There is so much to gain from advances in free trade, including jobs and higher incomes for New Zealanders and it’s important that we take advantage of these global trends while we can.
The latest data suggests that improving global conditions are directly benefiting New Zealand traders.
New Zealand goods exports to China – our leading goods market – gained momentum in the last quarter, increasing 14 per cent to the year ending June 2017.
Goods exports to Australia, the US, Japan and Korea are all up in the last quarter and prices are generally increasing in the Global Dairy Trade auction with seven of the last ten auctions resulting in rising prices.
There are many positives that can be highlighted but, of course, there are still risks to global stability.
These include potential for countries to increase trade protection policies and financial sector variabilities, including mounting financial stability risks in China, political tensions and some very real security issues.
In the last few weeks, I’ve attended meetings in Indonesia and the Philippines that have focused on counter-terrorism, cross-border conflict, cyber security and other issues important to the Asia Pacific region, like the South China Sea and Korean peninsula.
It’s very clear that all countries in that region except North Korea have no interest in any kind of conflict that would halt or redirect their economic growth.
With China, Russia, the US and Japan along with all ASEAN countries calling for dialogue and dampening of tensions. For each of them and for us, the trade agenda remains important.
While a lot of the international rhetoric may be about protectionism and the view that some major players are turning inwards, we now have a more interconnected world marketplace than ever before and the introduction of new measures appears to be slowing.
The latest World Trade Organisation monitoring report shows members introduced fewer trade restrictive measures in 2016 compared to 2015, when new measures averaged about 20 a month.
Since I assumed the Foreign Affairs portfolio about three months ago, we’ve launched free trade negotiations with the Pacific Alliance, of which Mexico, Chile, Colombia and Peru are members.
These four nations are home to 221 million consumers and have a combined GDP of US3.8 trillion.
The PACER Plus agreement has been signed to provide social and economic benefits to many Pacific nations.

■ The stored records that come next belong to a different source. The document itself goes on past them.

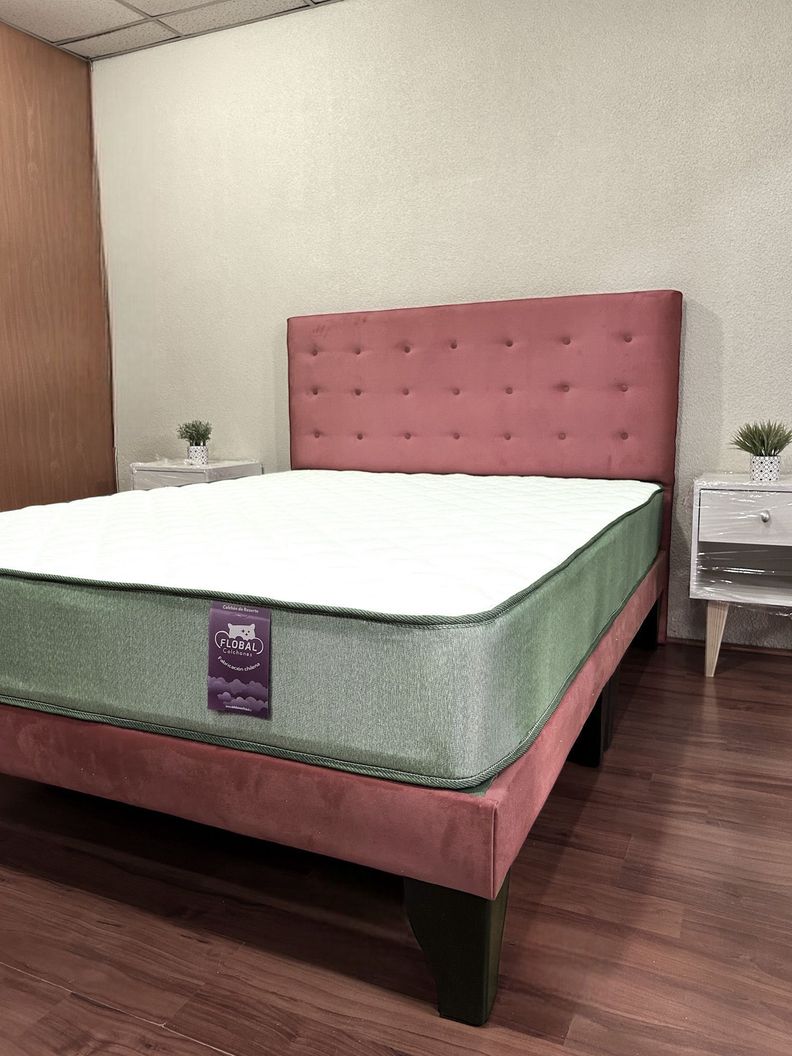Cama 2 Plazas Abotonada 150X190cm + Respaldo Rosa + Colchon Flobal-4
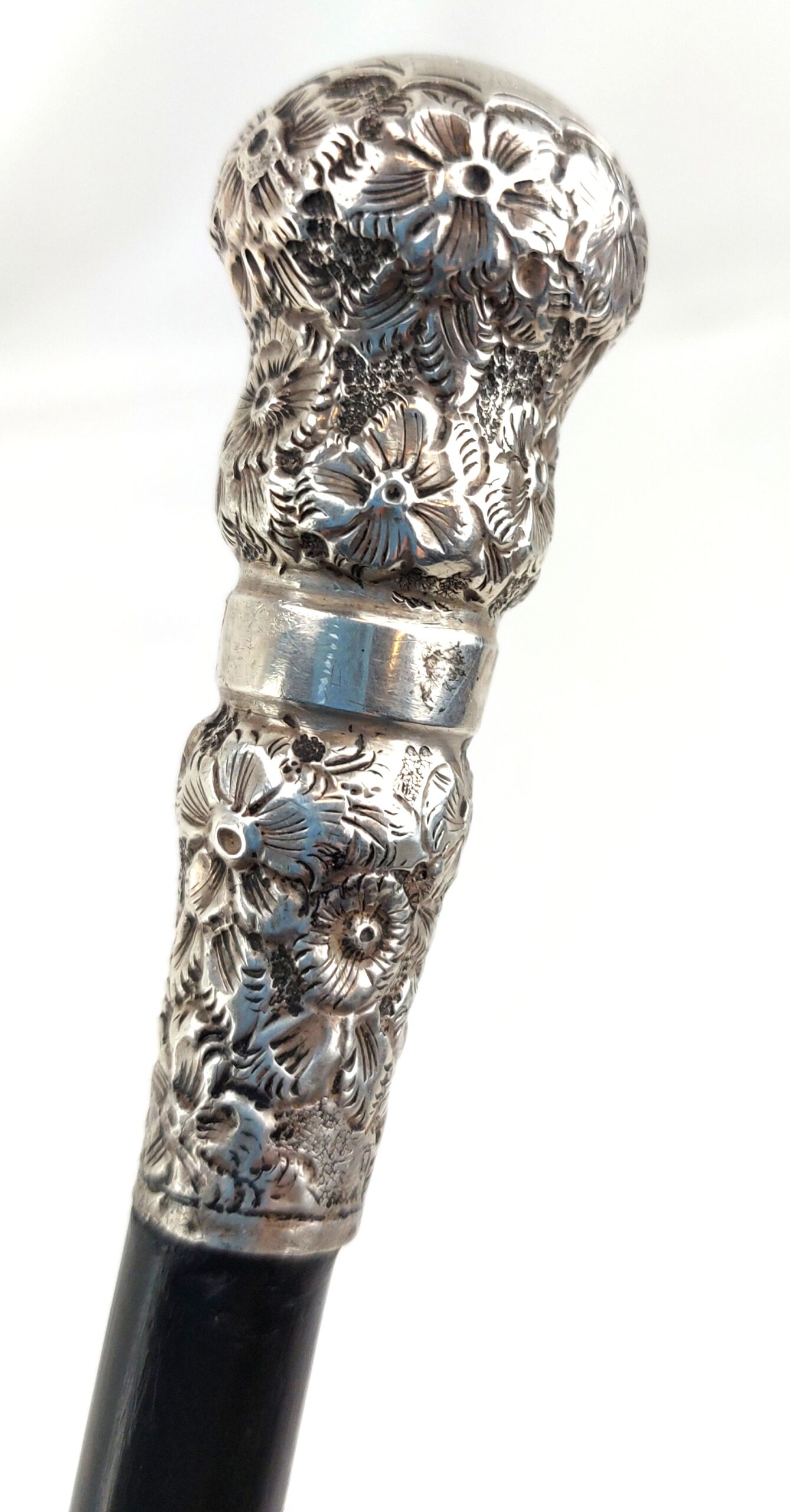 Ornate, Silver Tipped, Black, Slim, Walking Stick - Image 3
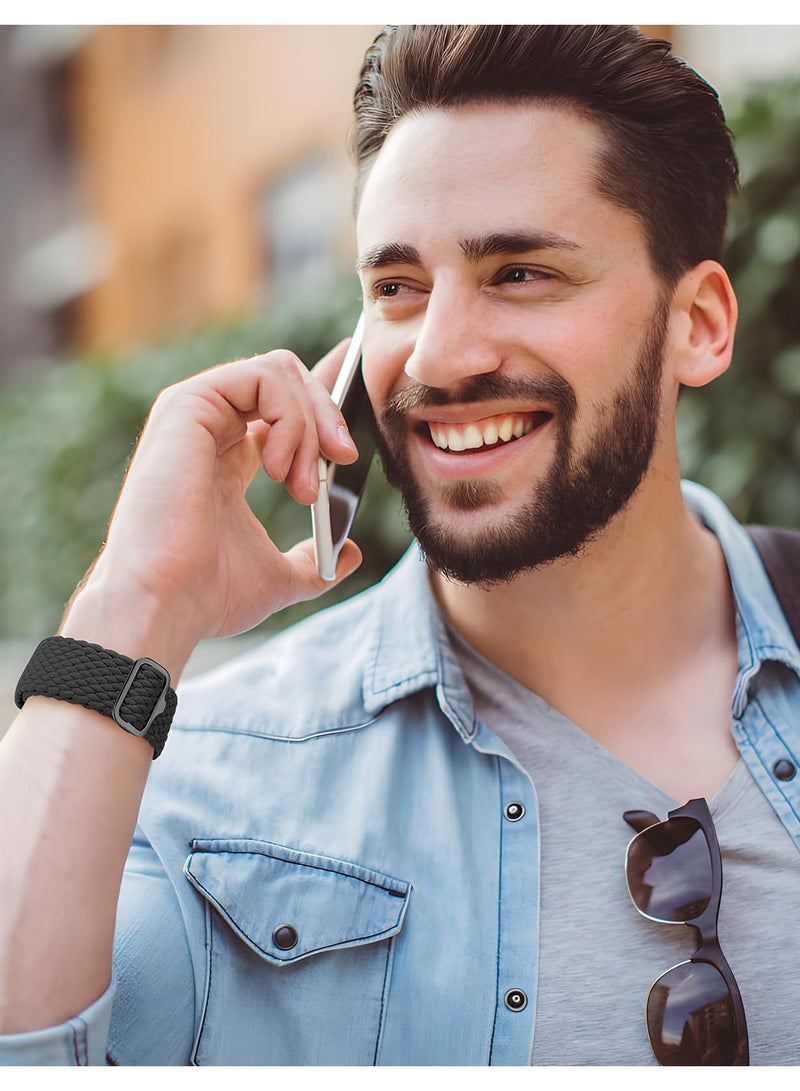 2pcs Braided Stretchy Solo Loop Compatible for Apple Watch Band 38mm 40mm 41mm 42mm for Women Men, Nylon Elastic Straps Wristbands for iWatch Series 10 9 8 7 6 SE 5 4 3 2 Ultra Ultra 2 - Image 3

The $55 million development package will also help cut red tape for New Zealand businesses and will establish a common set of trading rules.
Thailand and New Zealand have agreed to market access improvements for our exporters, we’ve started high-level talks with Washington under the Trump administration and we’ve solidified our position high up the queue for a post-Brexit FTA with the UK.
Earlier this year we signed the Trans-Pacific Partnership 11, and officials will be assessing the options to bring TPP11 into force.
TPP11 will ensure our exporters remain competitive in important markets and will support jobs in all regions of New Zealand.
In three years’ time, New Zealand will be able to showcase its innovative products and services on the world stage at Dubai 2020 – a world expo that will likely attract 25 million visitors from across Europe, the Middle East, North Africa and Asia.
In short, the outlook for New Zealand exporters is bright and, as we all know, a strong export economy produces positive knock-on effects for every single New Zealander.
I hope many of you in this room share the confidence I have in our country and continue to work towards an even more prosperous future for New Zealand.